***** Available data *****

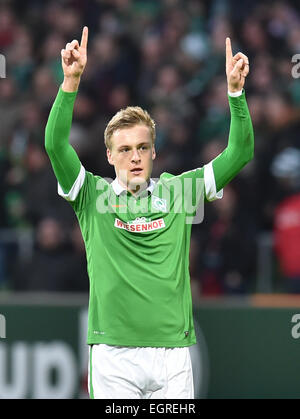 Brême, Allemagne. 06Th Mar, 2015. Le Werder Felix Kroos célèbre sa 3-2 but à la Bundesliga match de football entre le Werder Brême et VfL Wolfsburg au stade Weser à Brême, Allemagne, 01 mars 2015. Photo : CARMEN JASPERSEN/dpa (EMBARGO SUR LES CONDITIONS - ATTENTION - En raison de la lignes directrices d'accréditation, le LDF n'autorise la publication et l'utilisation de jusqu'à 15 photos par correspondance sur internet et dans les médias en ligne pendant le match)/dpa/Alamy Live News Banque D'Images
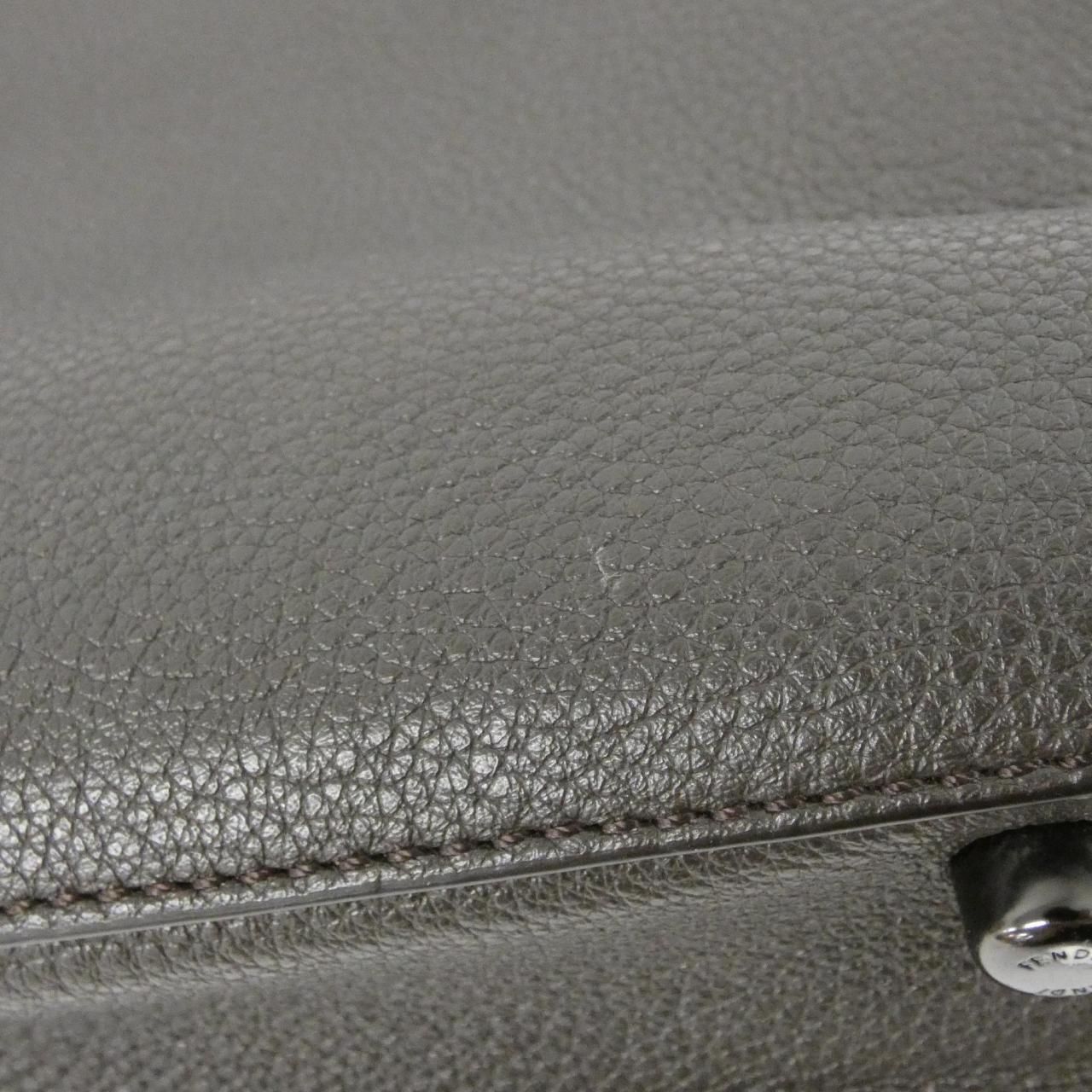 Fendi Peekaboo Eye Small — view 4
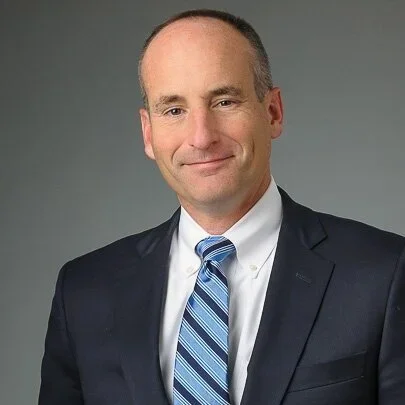 Head shot of Andrew Sparks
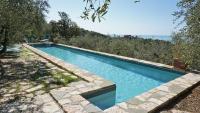 The swimming pool at or close to Miralunga Villetta Gialla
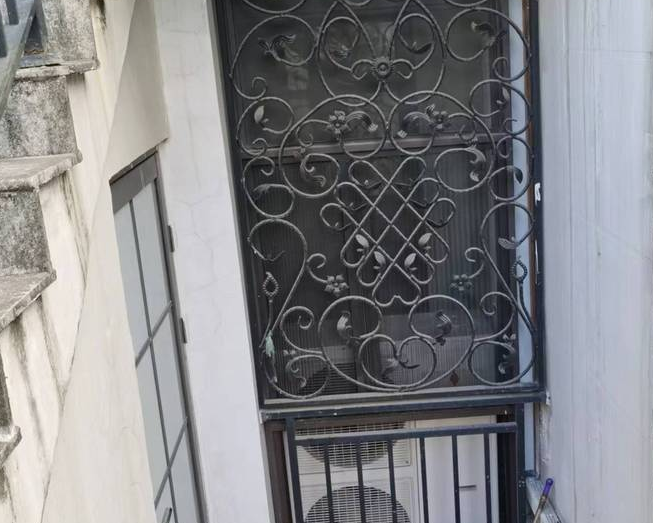 上海市松江区世茂纳米魔幻城747栋地下1、1-3F 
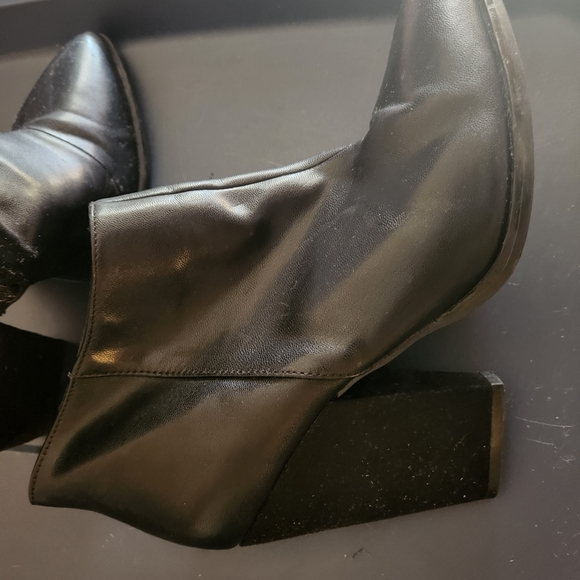 Booties - Picture 3 of 4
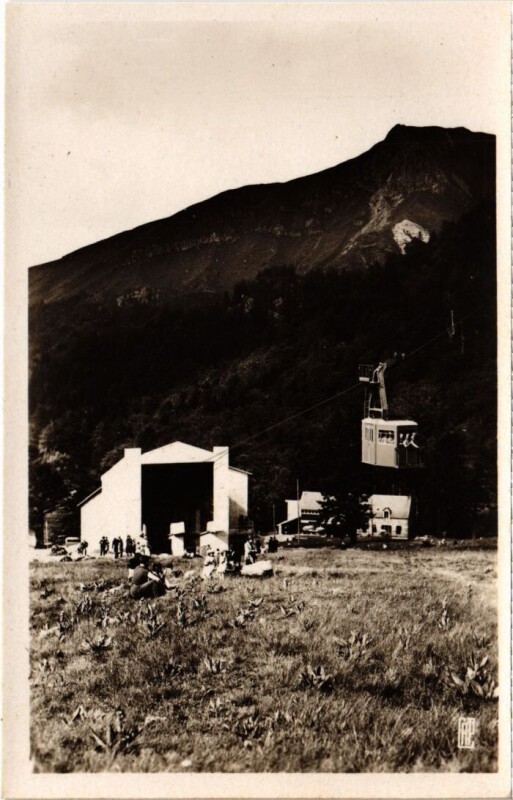 Carte postale ancienne Le Mont Dore La Gare inferieure du teleferique France à Mont-Dore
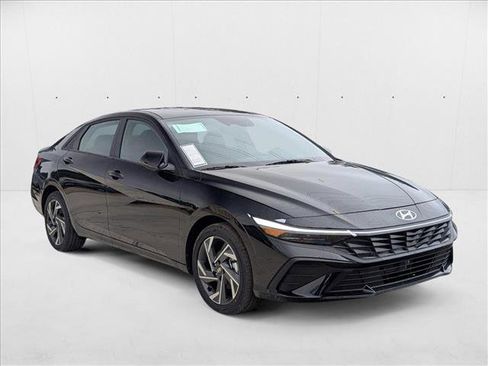 New 2025 Hyundai Elantra SEL image 6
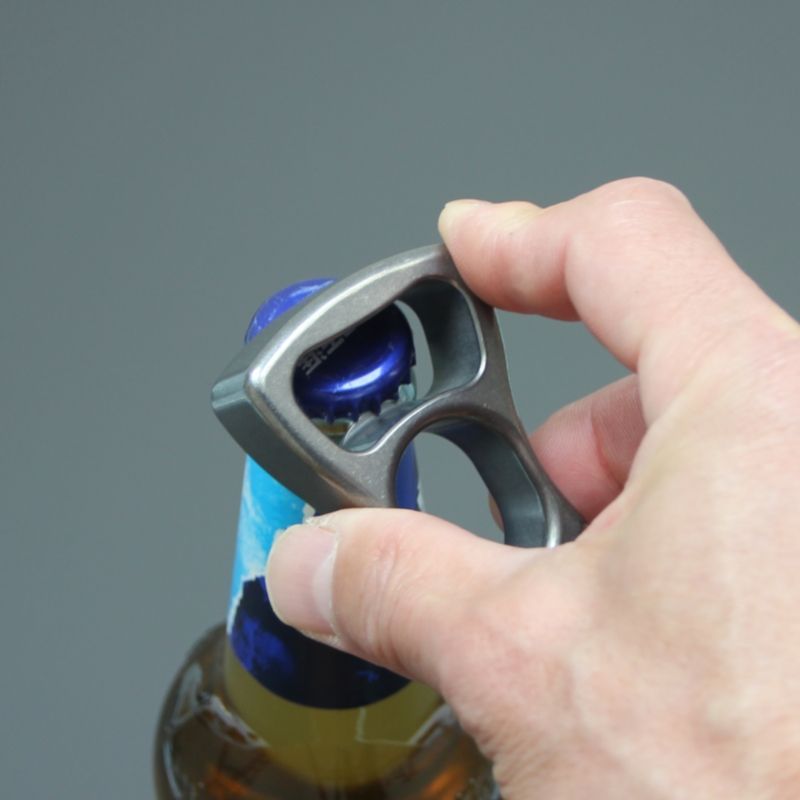 Abrebotellas multifuncional de aleación de titanio con orificio único y lavado a la piedra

*****

Exercise objective. After locating the line containing "New 2025 Hyundai Elantra SEL image 6" in the entries above, repeat only it and each later line through the end, exactly, without any pictures.

Finished task.
 New 2025 Hyundai Elantra SEL image 6
 Abrebotellas multifuncional de aleación de titanio con orificio único y lavado a la piedra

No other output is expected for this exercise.